In the early nineteenth century, Southerners fought federally sponsored “internal improvements” like canals because they didn’t need them; they had a network of navigable rivers to transport crops. Those same rivers are both life blood and death for some Southern areas today. This week Clarksville and Nashville, Tennessee, experienced deadly flooding. (I have family in the area and am grateful to have no fatalities to report but lots of loss of property.) One of the causes of flooding, we now know, as in Katrina, is poor engineering by the Army Corps of Engineers: flooding caused by failed flood control. Other people simply face flood waters this week because of the volume of rain and their proximity to rivers. As people told story after story of rising water and devastation, a lifetime of memories washed away even when lives weren’t lost, I could not help but think of people I know in Arkansas who live adjacent to rivers yet who do not experience floods with the same agony. These people love living along the river and thus have found ways to work with it instead of letting it deluge their lives.

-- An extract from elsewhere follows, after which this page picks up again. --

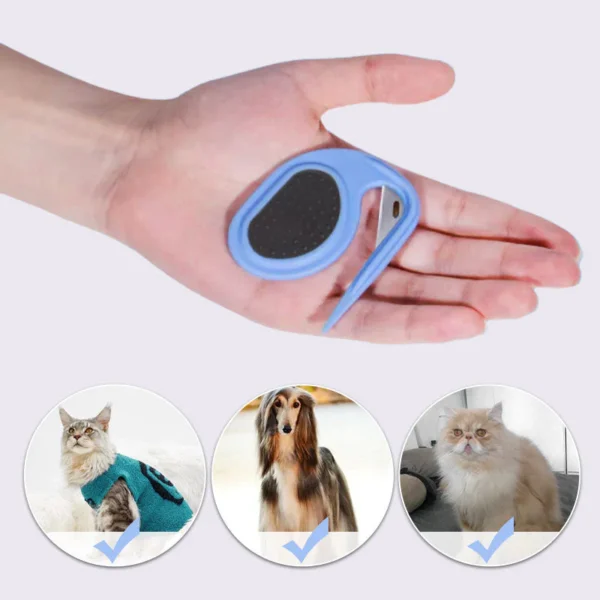 Grooming Knife for Long-Haired Pets - Remove Clumps - Blue - Image 8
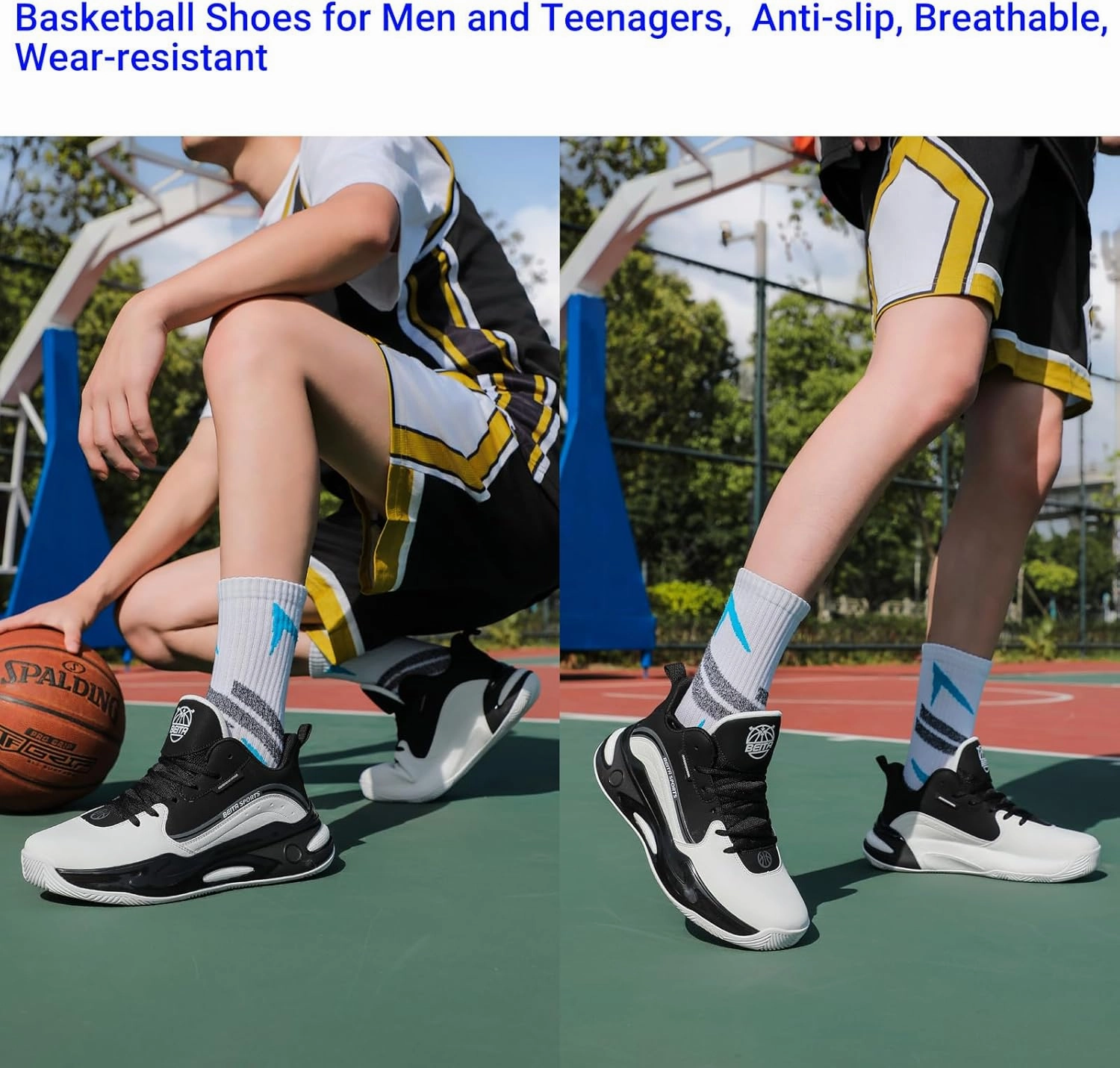 Beita High Upper Basketball Shoes for Men Sneakers Breathable Sports Shoes Anti Slip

On Big Piney Creek near Highway 7 north of Dover, Arkansas, many families live in peace with the river. They built their homes to be flooded. The first level is concrete block with a bare concrete floor. Should a flood come through, they roll up their carpets, move fragile furniture to the second floor, and wait it out on high ground. When the water recedes, they return, wash the mud out of the first floor, and move back in. Your home may not win House Beautiful awards this way, but you will not fear a flood–and you get to live on a beautiful river.
Addendum: Recently a flash flood swept the Little Missouri River, but one cabin home, anchored securely on stilts well above the flood plain, withstood not only the raging river when it rose 8 feet in ten minutes on June 11, 2010, but also an RV, a pick-up, and a cabin that had not been tethered when all three of them slammed into the well-anchored cabin in the early hours of the morning.